No estoy tan seguro, aunque de esto sé menos incluso que de futbol. Traigo a colación algunos hechos importantes de los últimos meses. El primero es la ley norteamericana, Foreign Account Tax Compliance Act, la llamada FATCA, aprobada en 2010. Se dirigía originalmente a ciudadanos norteamericanos con activos fuera de su país y sobre los cuales no pagaban impuestos: ni sobre la renta, ni sobre plusvalías o dividendos. Por las mismas razones que el fisco americano multó primero al banco suizo UBS, y ahora a Credit Suisse por 2.6 mil millones de dólares, el gobierno de Estados Unidos quiere gravar los cientos de miles de millones de dólares en manos de sus ciudadanos fuera de sus fronteras. FATCA obliga a bancos de otros países a entregar a sus respectivos gobiernos información sobre cuentas de norteamericanos, que dichos gobiernos deben en seguida transferir a Estados Unidos. Como era lógico, cada gobierno, entre otros el de
México, exigió reciprocidad: que EU entregara a sus fiscos la información sobre activos de ciudadanos de esos países dentro de Estados Unidos. Una vez que se multiplicaron las peticiones de reciprocidad, la OCDE negoció un acuerdo entre 47 países, incluyendo el llamado Grupo de los 20. El intercambio de información ya se hará de manera automática. En México el acuerdo entra en vigor en 2015.
Por otra parte, las multas a UBS y Credit Suisse han llevado a un gran número de bancos suizos a cerrar cuentas no sólo de norteamericanos, sino de cualquier persona vinculada a EU: visa de trabajo, residencia, empleo, incluso un número de teléfono. En otras palabras, al norteamericano que quiera evadir al fisco de su propio país cada vez le va a costar más trabajo. A su vez, algunos bancos norteamericanos, en particular JP Morgan Chase, han cerrado las cuentas de extranjeros que trabajan, o trabajaron para gobiernos de otros países, y de los familiares y colaboradores cercanos de esos funcionarios. Han clausurado 8000 cuentas hasta ahora, entre otros de 300 mexicanos incluyendo varios ex secretarios de Estado.
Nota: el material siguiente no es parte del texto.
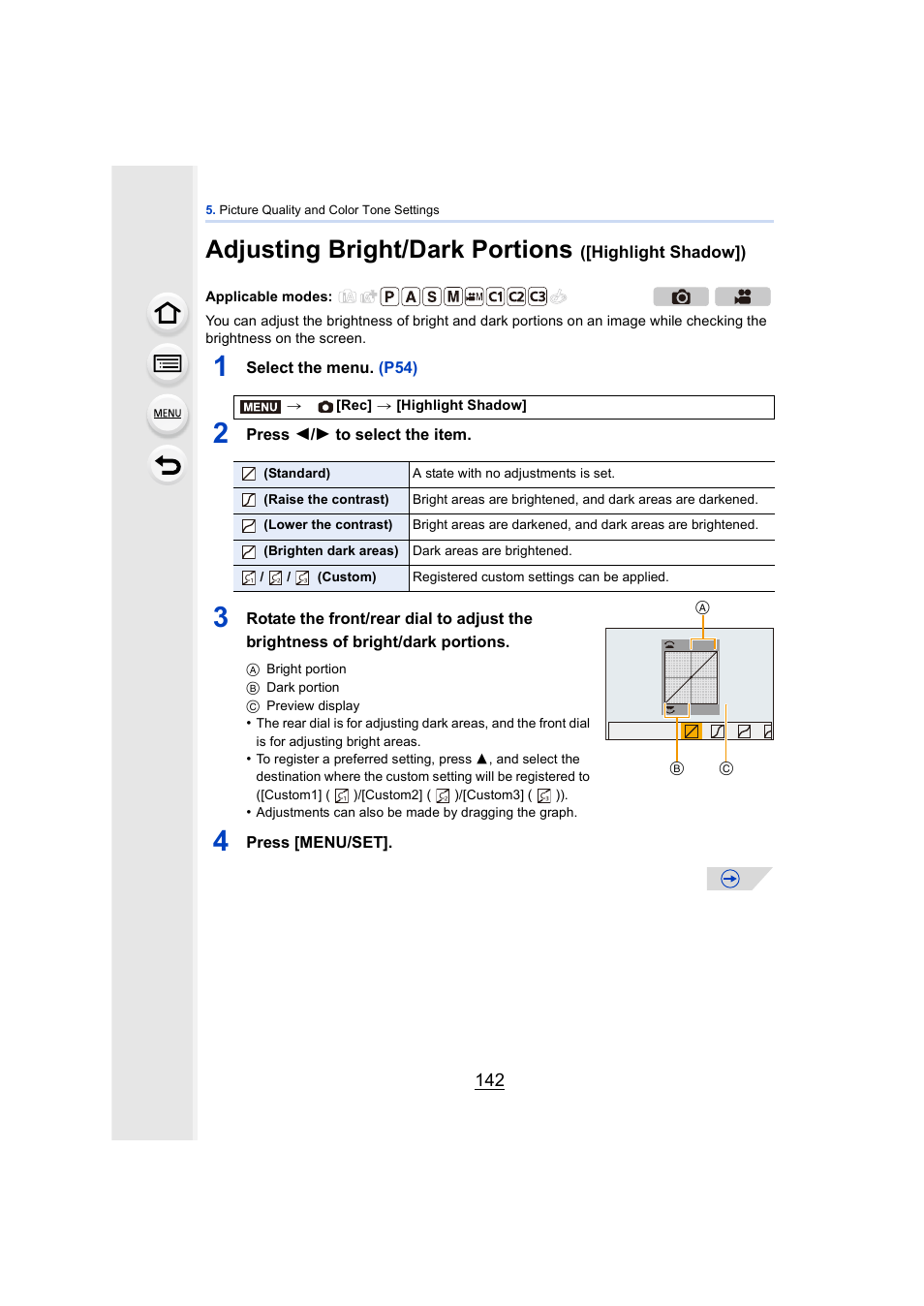 P142, Adjusting bright/dark portions, Highlight shadow]) | Panasonic DMC-GH4KBODY User Manual | Page 142 / 420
Pensemos para ejecutar en un impuesto tipo Piketty sobre los activos de mexicanos fuera de México: casas y departamentos en Vail, en Miami, en San Diego, en San Antonio, en Houston, la mayoría en manos de "offshores", que desde el año pasado están obligadas a divulgar los nombres de sus beneficiarios; cuentas en Nueva York, en Bahamas, en Panamá o en Suiza; obligaciones, acciones u otros instrumentos financieros administrados por bancos de cualquiera de los países signatarios del acuerdo citado. Tal vez estos mexicanos podrían evadir todavía durante un tiempo un impuesto de esta índole, pero les costaría más trabajo y más dinero. Si el impuesto no es demasiado elevado, quizás les convenga más pagarlo que tratar de evitarlo. Y entonces el remedio de Piketty puede empezar a perecer menos utópico de lo que se pensaba.